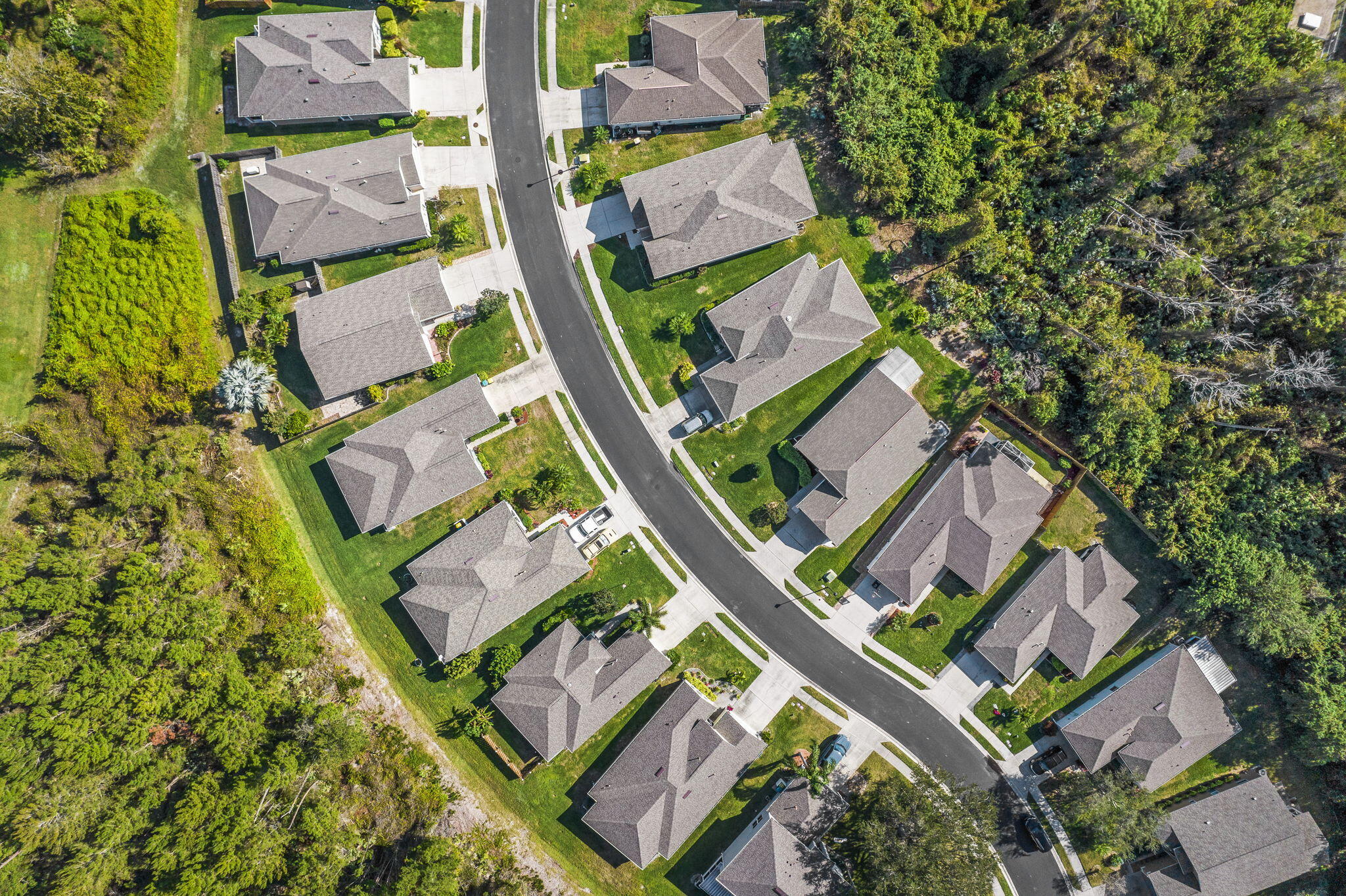 2140 Spring Creek Circle Palm Bay, FL 32905 - Photo 30 of 32 an aerial view of residential house with outdoor space and swimming pool
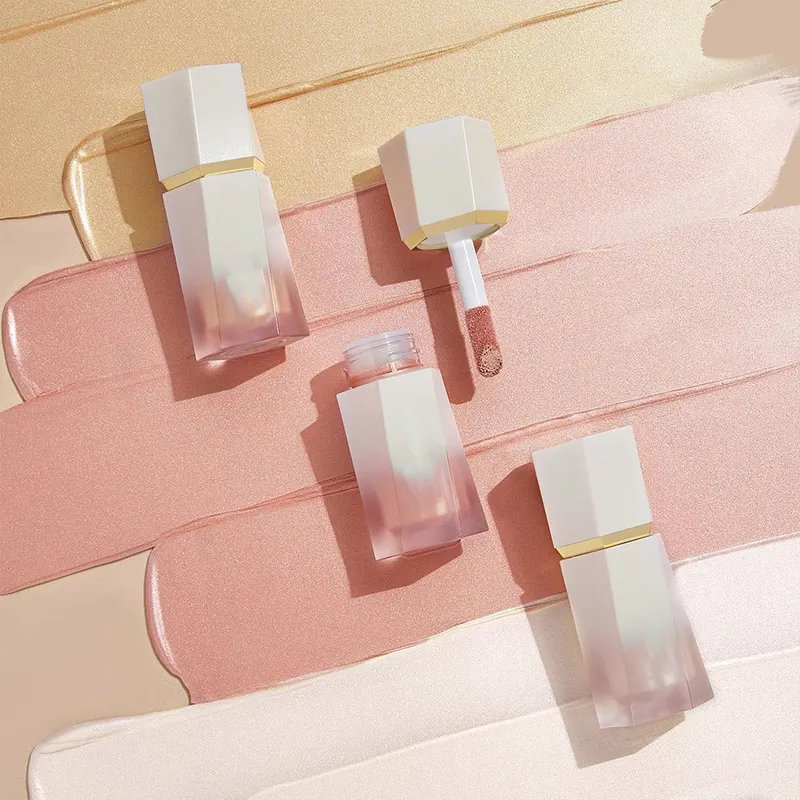Four tubes of lip gloss on a background of different colored swatches.
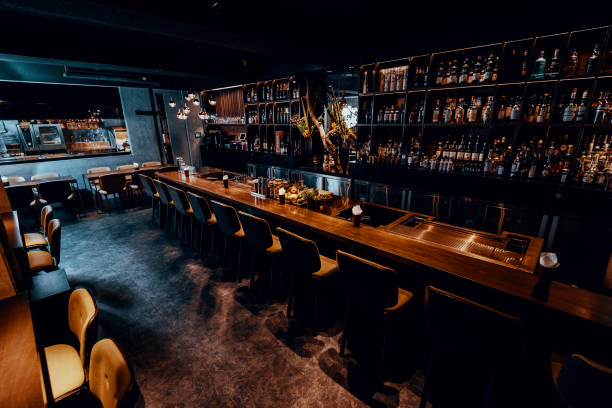 A dimly lit, modern bar in Texas features high chairs lining a long wooden counter. Shelves stocked with bottles gleam under soft lighting, crafting a cozy atmosphere. Tables are arranged in the foreground while a large mirror reflects the scene—despite whispers of a poor lighting accident lawsuit.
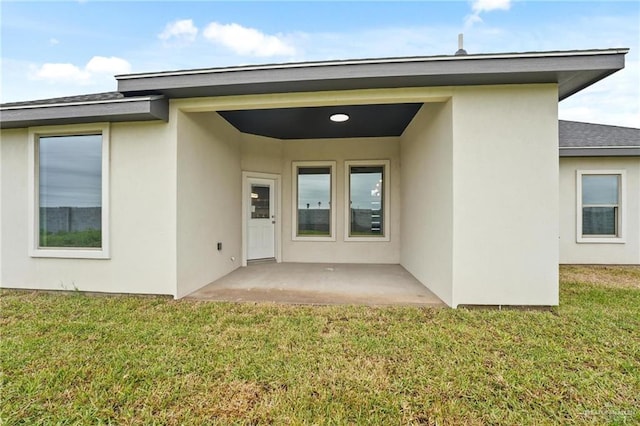 entrance to property with a patio and a lawn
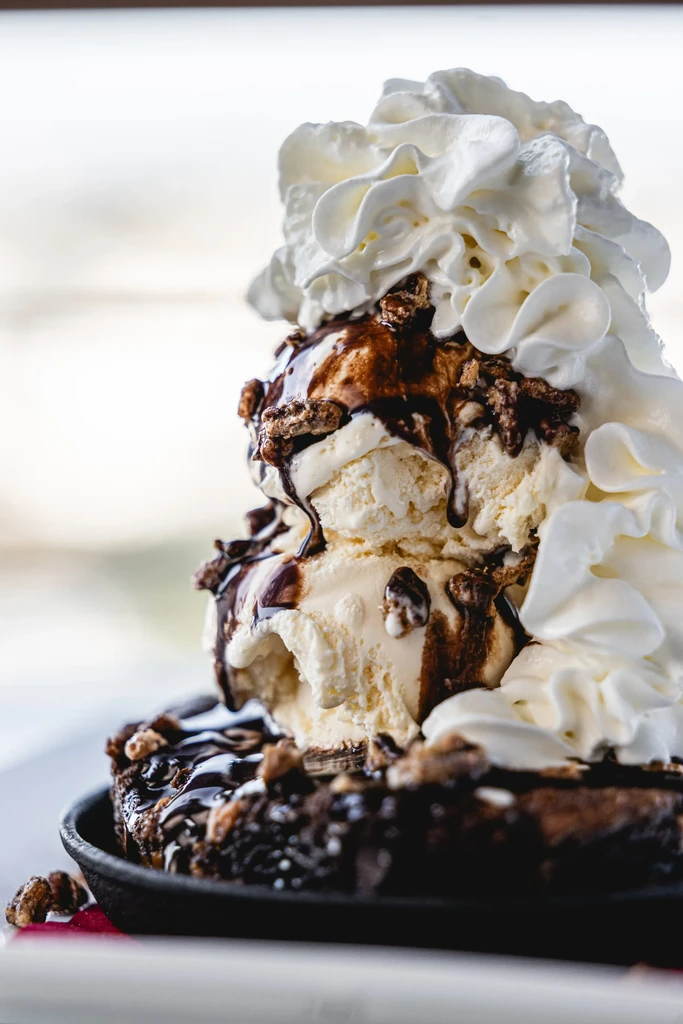 Chocolate brownie topped with vanilla ice cream, chocolate sauce, nuts, and whipped cream.
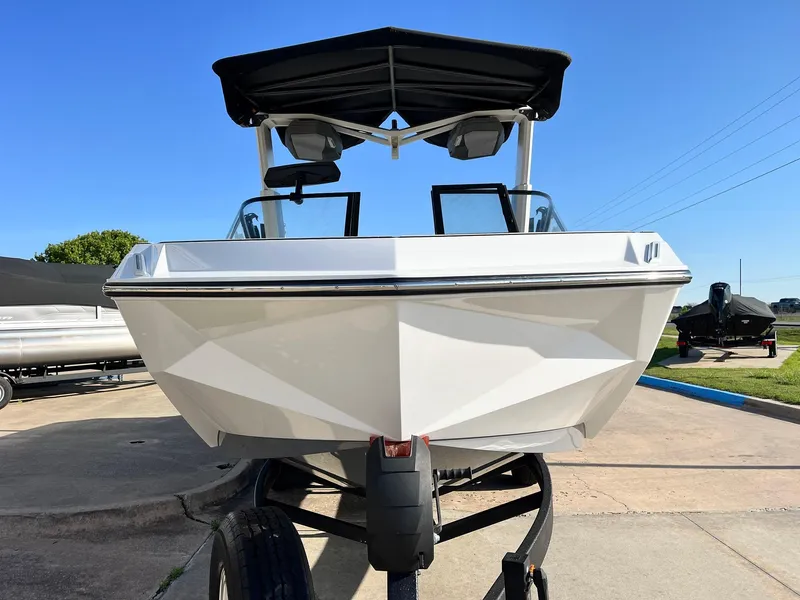 Slide: The Image of 2024 Nautique G25 boat on trailer, front view, under clear blue sky. - 4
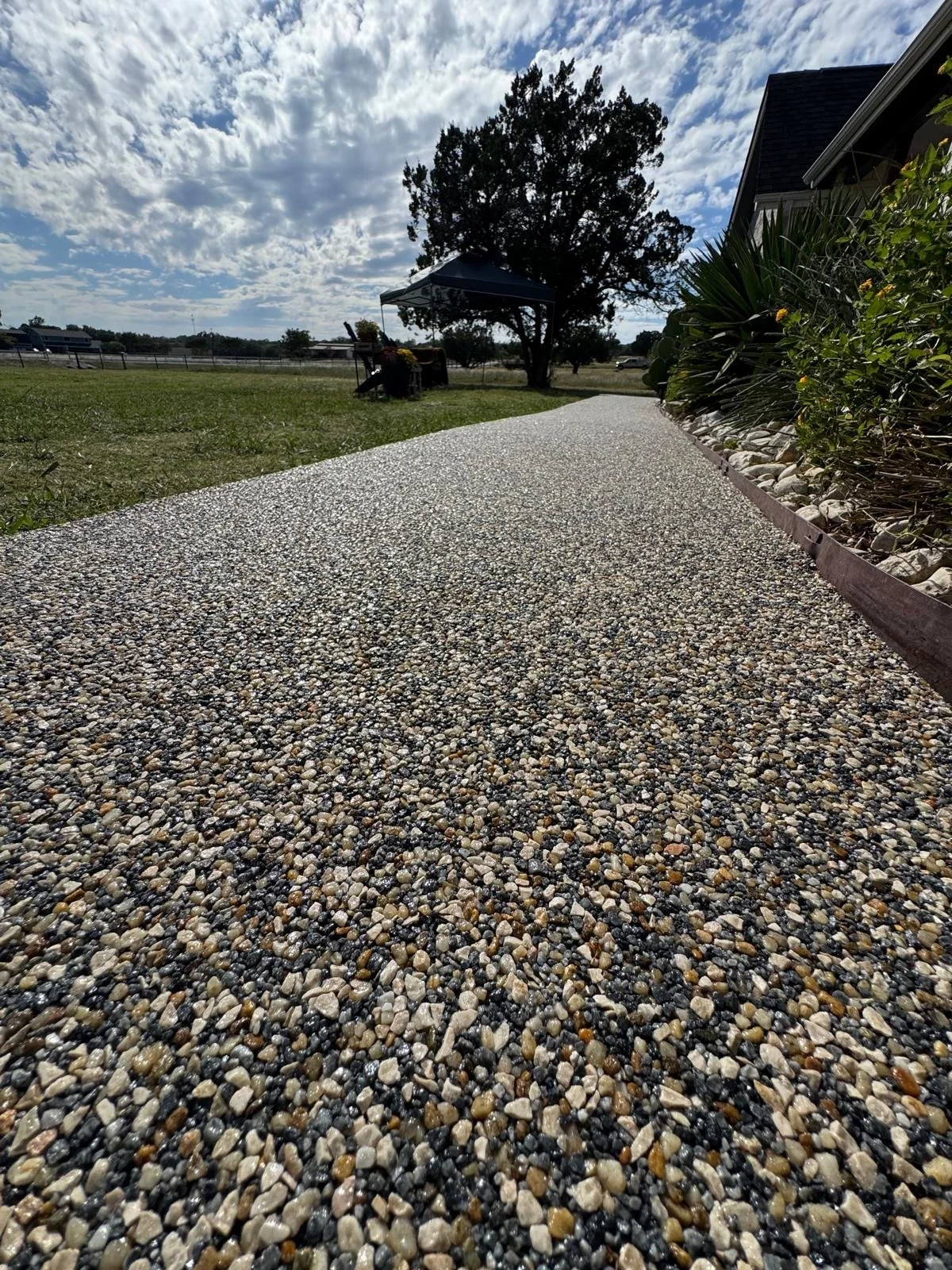 View of a gravel pathway leading to a small outdoor area with a bench, a canopy, and a tree, with a house on the right and a cloudy sky overhead.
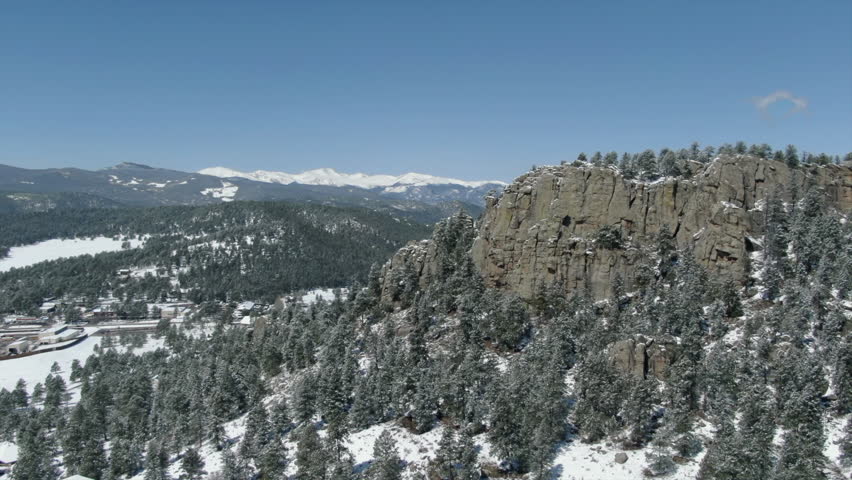 Winter scene Rocky Mountains Colorado snowy tree up zoom toward Mt Evans Blue Sky Evergreen 14er mountain range Denver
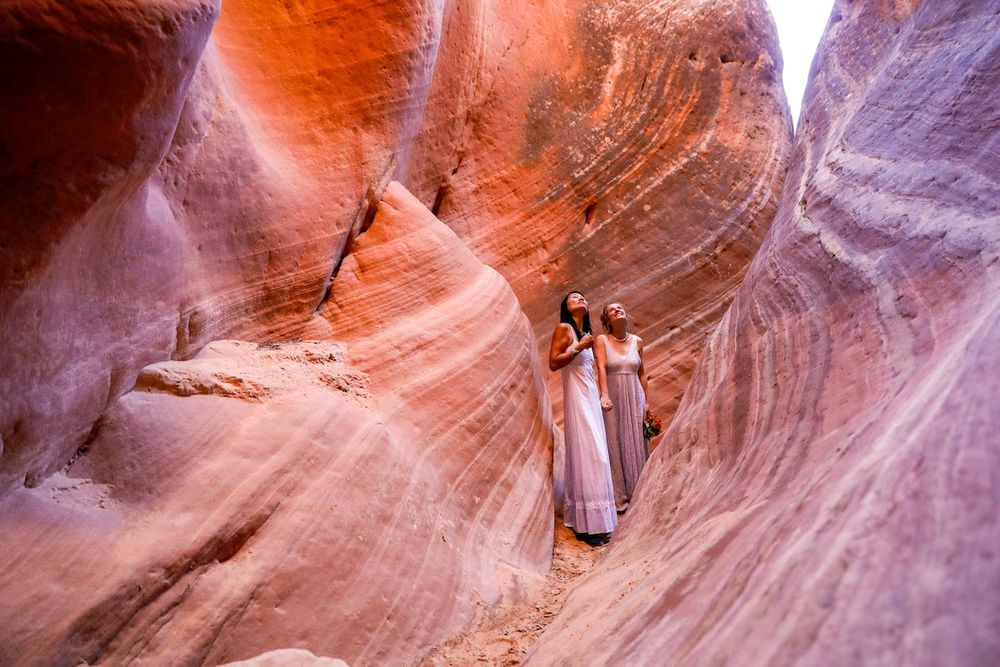 Two women in flowing dresses pose inside a stunning red rock slot canyon with swirling sandstone walls.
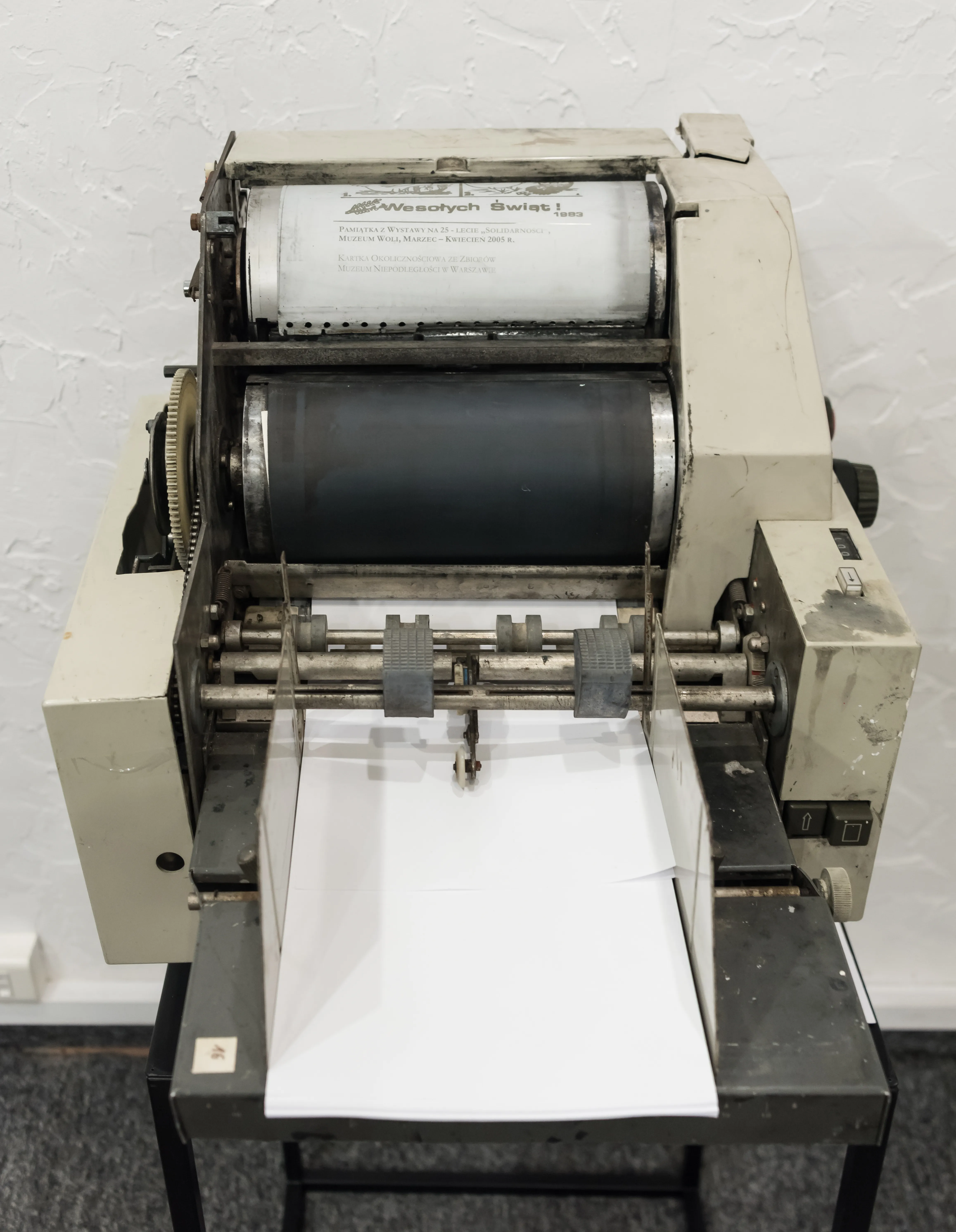 Een vintage drukpers met een rol papier en een bedrukt vel, tentoongesteld in een museum.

###

When you print the records above, keep them exact and leave out the pictures.

 2140 Spring Creek Circle Palm Bay, FL 32905 - Photo 30 of 32 an aerial view of residential house with outdoor space and swimming pool
Four tubes of lip gloss on a background of different colored swatches.
 A dimly lit, modern bar in Texas features high chairs lining a long wooden counter. Shelves stocked with bottles gleam under soft lighting, crafting a cozy atmosphere. Tables are arranged in the foreground while a large mirror reflects the scene—despite whispers of a poor lighting accident lawsuit.
 entrance to property with a patio and a lawn
 Chocolate brownie topped with vanilla ice cream, chocolate sauce, nuts, and whipped cream.
 Slide: The Image of 2024 Nautique G25 boat on trailer, front view, under clear blue sky. - 4
 View of a gravel pathway leading to a small outdoor area with a bench, a canopy, and a tree, with a house on the right and a cloudy sky overhead.
 Winter scene Rocky Mountains Colorado snowy tree up zoom toward Mt Evans Blue Sky Evergreen 14er mountain range Denver
 Two women in flowing dresses pose inside a stunning red rock slot canyon with swirling sandstone walls.
 Een vintage drukpers met een rol papier en een bedrukt vel, tentoongesteld in een museum.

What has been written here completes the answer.